L’analyse du régime des brevets essentiels à la lumière du contentieux français met en évidence une problématique fondamentale : comment garantir un équilibre contractuel et concurrentiel dans un secteur où l’accès aux technologies standardisées conditionne l’avenir même de la société numérique ?
Les juridictions européennes, à l’instar du Tribunal de Paris, tendent à privilégier une lecture stricte de l’obligation Frand et à encadrer sévèrement le recours aux injonctions. Cette orientation mérite d’être méditée par les systèmes juridiques en construction, tel le droit marocain.

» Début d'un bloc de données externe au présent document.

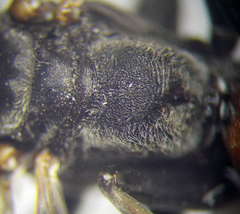 Tachysphex subdentatus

L’absence actuelle de dispositions spécifiques sur les SEP expose les opérateurs nationaux à des risques contentieux significatifs. Introduire dans la loi une reconnaissance explicite des SEP, assortie de règles claires sur la négociation, la transparence et le contrôle judiciaire des injonctions, constituerait une avancée décisive.
La 5G est, par nature, une technologie collective. Elle ne peut prospérer que si le droit réussit à concilier la protection légitime des inventeurs et la nécessité de garantir un accès équitable aux infrastructures. À défaut, l’innovation elle-même risque d’être paralysée par les contentieux et la spéculation.